**Task to carry out**
For the records that follow, please set down exactly the lines between the one holding "THE ORDINARY ACIDE GLYCOLIQUE 7% Fl/100ml" and the one holding "Джинси Marc O'Polo denim модель 341923212189-P33_30 Джинси", inclusive, and only those.

BEGIN Excerpted data

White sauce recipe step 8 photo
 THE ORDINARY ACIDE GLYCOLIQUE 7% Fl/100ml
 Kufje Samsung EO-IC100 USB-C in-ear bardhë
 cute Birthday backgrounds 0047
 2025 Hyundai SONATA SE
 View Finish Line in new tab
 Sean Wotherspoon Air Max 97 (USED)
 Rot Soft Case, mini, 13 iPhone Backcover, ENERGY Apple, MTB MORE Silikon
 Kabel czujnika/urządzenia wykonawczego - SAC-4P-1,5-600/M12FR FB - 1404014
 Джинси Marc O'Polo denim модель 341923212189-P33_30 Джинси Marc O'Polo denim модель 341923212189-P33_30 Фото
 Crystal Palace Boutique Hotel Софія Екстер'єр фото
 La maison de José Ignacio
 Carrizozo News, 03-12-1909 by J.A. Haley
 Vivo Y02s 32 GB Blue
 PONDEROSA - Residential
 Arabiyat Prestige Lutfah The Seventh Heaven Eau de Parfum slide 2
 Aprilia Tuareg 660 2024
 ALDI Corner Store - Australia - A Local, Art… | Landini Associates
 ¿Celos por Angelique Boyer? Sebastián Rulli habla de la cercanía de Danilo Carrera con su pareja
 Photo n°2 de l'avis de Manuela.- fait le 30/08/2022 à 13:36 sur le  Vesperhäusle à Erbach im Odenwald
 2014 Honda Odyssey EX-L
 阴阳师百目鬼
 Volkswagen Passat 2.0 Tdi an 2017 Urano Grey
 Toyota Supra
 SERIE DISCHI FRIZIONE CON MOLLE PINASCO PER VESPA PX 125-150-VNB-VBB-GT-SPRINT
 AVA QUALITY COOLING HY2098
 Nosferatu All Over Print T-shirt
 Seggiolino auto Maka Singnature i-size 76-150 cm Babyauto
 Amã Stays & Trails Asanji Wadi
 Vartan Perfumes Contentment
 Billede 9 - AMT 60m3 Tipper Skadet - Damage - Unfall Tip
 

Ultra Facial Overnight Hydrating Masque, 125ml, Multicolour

END Excerpted data

**Task solution**
 THE ORDINARY ACIDE GLYCOLIQUE 7% Fl/100ml
 Kufje Samsung EO-IC100 USB-C in-ear bardhë
 cute Birthday backgrounds 0047
 2025 Hyundai SONATA SE
 View Finish Line in new tab
 Sean Wotherspoon Air Max 97 (USED)
 Rot Soft Case, mini, 13 iPhone Backcover, ENERGY Apple, MTB MORE Silikon
 Kabel czujnika/urządzenia wykonawczego - SAC-4P-1,5-600/M12FR FB - 1404014
 Джинси Marc O'Polo denim модель 341923212189-P33_30 Джинси Marc O'Polo denim модель 341923212189-P33_30 Фото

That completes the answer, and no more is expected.